(Task instructions) Where an image appears, leave it out; otherwise repeat the data exactly.

(Raw data)
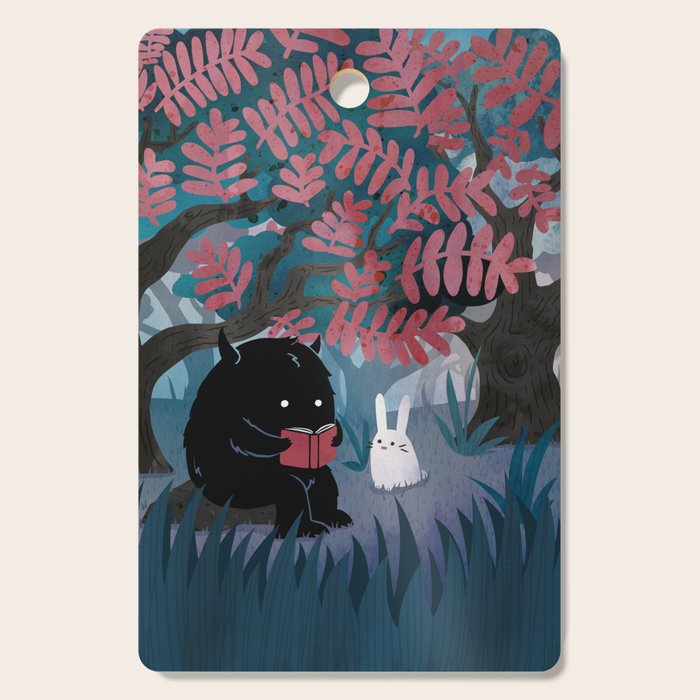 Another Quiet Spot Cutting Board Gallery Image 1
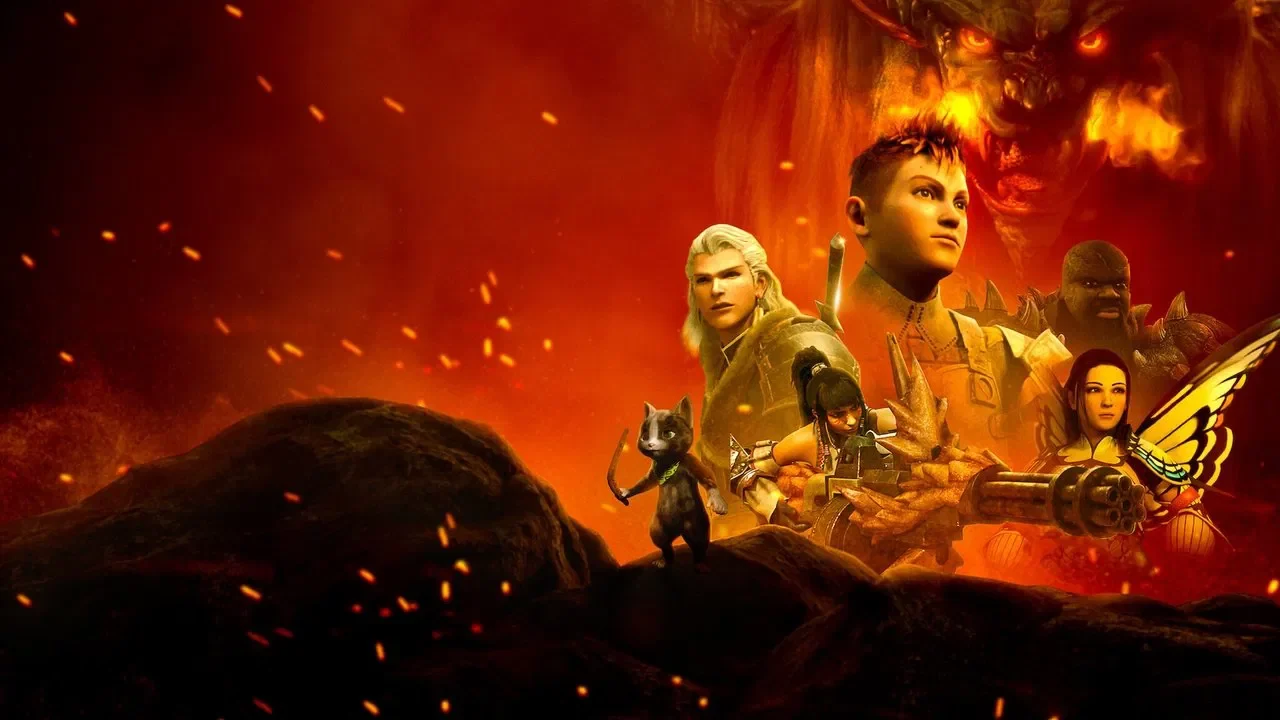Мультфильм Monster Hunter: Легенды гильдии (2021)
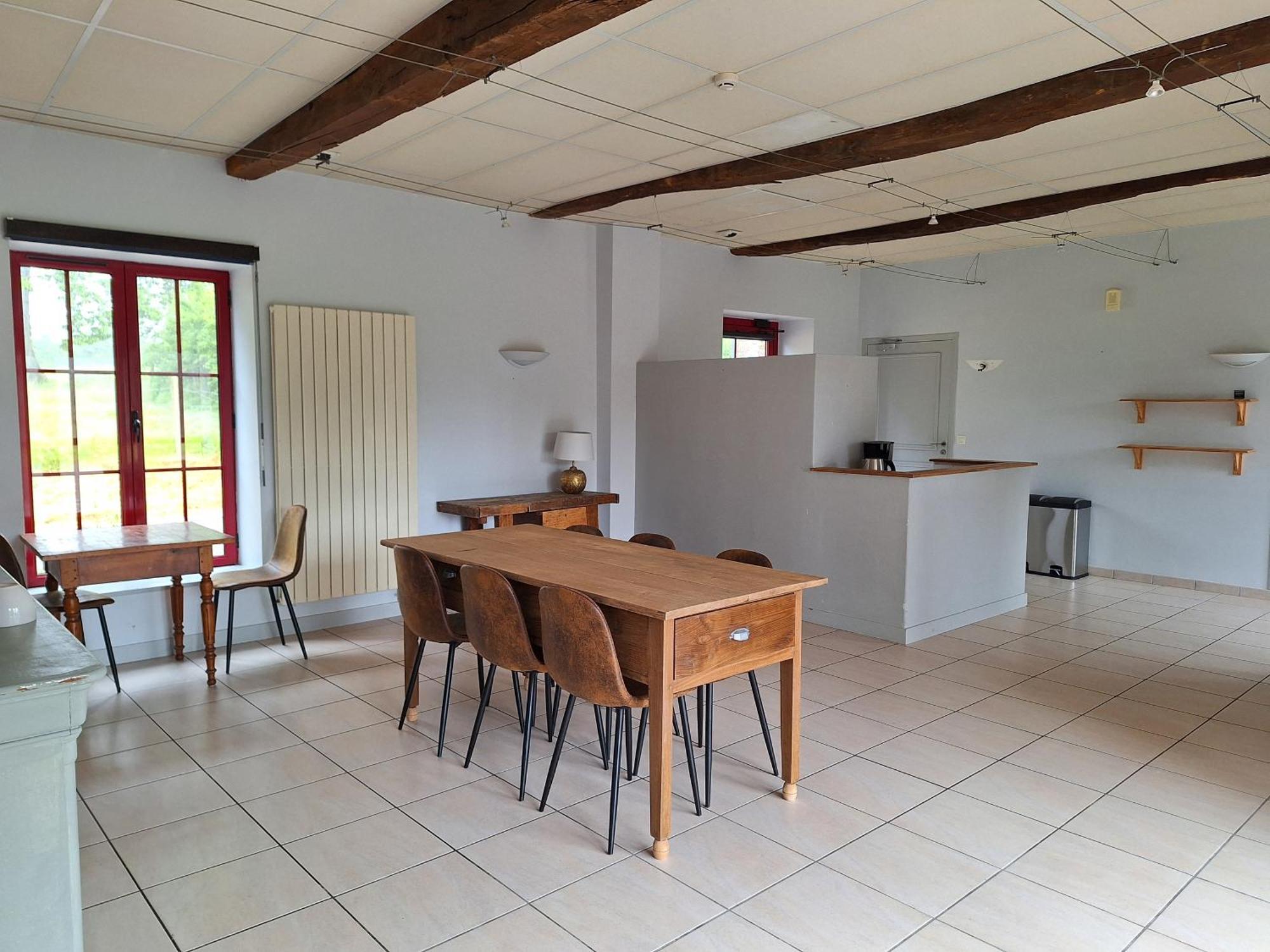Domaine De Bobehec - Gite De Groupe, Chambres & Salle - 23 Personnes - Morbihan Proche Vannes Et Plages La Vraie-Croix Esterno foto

(Answer below)
 Another Quiet Spot Cutting Board Gallery Image 1
Мультфильм Monster Hunter: Легенды гильдии (2021)
Domaine De Bobehec - Gite De Groupe, Chambres & Salle - 23 Personnes - Morbihan Proche Vannes Et Plages La Vraie-Croix Esterno foto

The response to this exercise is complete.